I believe it does and so would the plant material that they are nesting in IMO.


----------



## Antlerz22 (Apr 18, 2011)

hassell said:


> Is that because the damp air holds more scent? I would say, though I've not bird hunted like you guys have.


Its the water molecules/microscopic moisture "humidity", and using that as a vehicle for transference of scent. It blends with the moisture in a dogs nose transferring them the smell much better(water blends with wet nose best vs. drier air and in turn a dried out/drier nose as well). So yes damp air does hold more scent, as does a wetter nose not being dried out by dry conditions.


----------



## JTKillough (May 4, 2010)

Enough science! _Here's the fact._ If you want to get really good at calling predators, get out there and do it. I can't think of a better way to learn it, each of us has our own methods and rituals we use and go through on every set. We could write annuals (really big books) on this subject and none of them would be the same. Thats my advise for the newbee, _just do it!_ Learn from your mistakes and remember to have fun. Nothing turns me off faster than hunting with someone who thinks they have to get one. I couldn't tell you or even count how many coyotes I've missed in the last 15 years of calling, it doesn't matter, just enjoy the time afield. The more you do it, the better you'll get, simple enough.


----------



## youngdon (Mar 10, 2010)

Antlerz22 said:


> Its the water molecules/microscopic moisture "humidity", and using that as a vehicle for transference of scent. It blends with the moisture in a dogs nose transferring them the smell much better(water blends with wet nose best vs. drier air and in turn a dried out/drier nose as well). So yes damp air does hold more scent, as does a wetter nose not being dried out by dry conditions.

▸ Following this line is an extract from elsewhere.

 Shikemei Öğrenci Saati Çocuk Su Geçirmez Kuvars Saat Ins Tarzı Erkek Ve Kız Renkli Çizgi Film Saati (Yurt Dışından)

To prove this theory fart in a hot shower... you'll get the point quickly.


----------



## ReidRH (Feb 1, 2010)

LOL YD Right to the POINT not real Scientific though! Our Humidity here is rarely below 70%, and The Brush is Very Thick about the Only place to we are able to see more than a hundred yards is a Cattle pasture or some type of right of way either a High line or Pipeline Or a man made Road running through a property. A friend of mine was down from Montana the other day He was astounded at the trees we had here. He was like How do you keep from getting lost?? The Younger the trees the More Brush and the less accessable the property. Down here I usually wind up hunting the edges of cattle pastures or in the National Forest land that has been burned off in the last couple of years. If ya not out there Hunting Ya missing the fun :~(


----------